Speaking of those folks, you know, the ones who actually worked together to forge a document, let’s forget this “strict constructionist” craziness that we hear all the time today. The founders never intended that or they would not have gone to the lengths they did to include mechanisms for amending this document.

They knew that matters change with time and that some important points today may well mean nothing two hundred years later. Want an example: how often do we hear today of Granting Letters of Marque and Reprisal, or of Bills of Attainder, yet they are mentioned more than once in our Constitution.

Just an aside: I looked through the Constitution targeting the rights and duties of the Senate and nowhere did I see that the minority leader has, as one of his responsibilities, to guarantee how many terms the President may serve. Maybe someone can point this out to the senior Senator from Kentucky: Sir, it is we the people who will elect or not elect our President and in that process, Sir, you have the same right as I do, i.e. to vote, once, and nothing more.

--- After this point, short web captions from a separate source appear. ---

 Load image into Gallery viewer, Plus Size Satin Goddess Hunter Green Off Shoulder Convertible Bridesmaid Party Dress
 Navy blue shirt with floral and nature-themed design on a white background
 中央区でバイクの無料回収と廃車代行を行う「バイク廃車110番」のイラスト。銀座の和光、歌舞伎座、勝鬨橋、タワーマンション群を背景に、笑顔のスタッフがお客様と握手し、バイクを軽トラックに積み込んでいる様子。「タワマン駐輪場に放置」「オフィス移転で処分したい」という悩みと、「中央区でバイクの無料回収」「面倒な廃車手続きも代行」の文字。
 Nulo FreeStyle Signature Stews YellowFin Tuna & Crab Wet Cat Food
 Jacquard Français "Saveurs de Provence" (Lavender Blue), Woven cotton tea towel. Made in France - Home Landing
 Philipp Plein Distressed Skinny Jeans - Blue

We hear about States’ Rights as if John C Calhoun had arisen from his South Carolina grave. Once again the cry is “Leave it to the States to decide these issues”. Just a reminder: Article 4; Section 4 states: “ Republican government: The United States shall guarantee to every State in this Union a Republican Form of Government, and shall protect each of them….against domestic Violence.” That is actually in the legal framework of our very fabric. Simply put: our Federal government guarantees the states their rights not the other way around.

As to the right of Texas to secede or form several states, I doubt that is so enshrined and even if it was in the annexation agreement, surely it was obviated by the agreement that Texas and “all states formerly under rebellion” had to pledge to re-enter the Union.

Those gentlemen who wrote our founding documents were as diverse a group as we have today. The difference between then and now is the “spirit of compromise”, that term we learned in sixth grade civics class and that is sadly seen by the extreme right and sometimes the equally extreme left as capitulation. Tell that to Madison or Jefferson or Hamilton or Adams. Better still, read the Federalist Papers.

While we are at it, can someone remind those who claim to be running to “get Washington out of our lives as far as we can”, that calling for constitutional amendments that stipulate what marriage is, or the prohibition of abortion, or the right to pray in our schools seems to my eyes to be increased control of our basic rights to make decisions based on our intellect and free-will.

Does strict construction demand we reverse woman’s suffrage or reinstate poll taxes or do we take away the right to levy income taxes? Now there’s an idea that might appeal to the Tea Party. Think of it: no income tax effectively means no Federal spending and therefore we can all repair to our individual enclaves and build walls and prance right back into the dark ages.

So much for the shining city on the hill.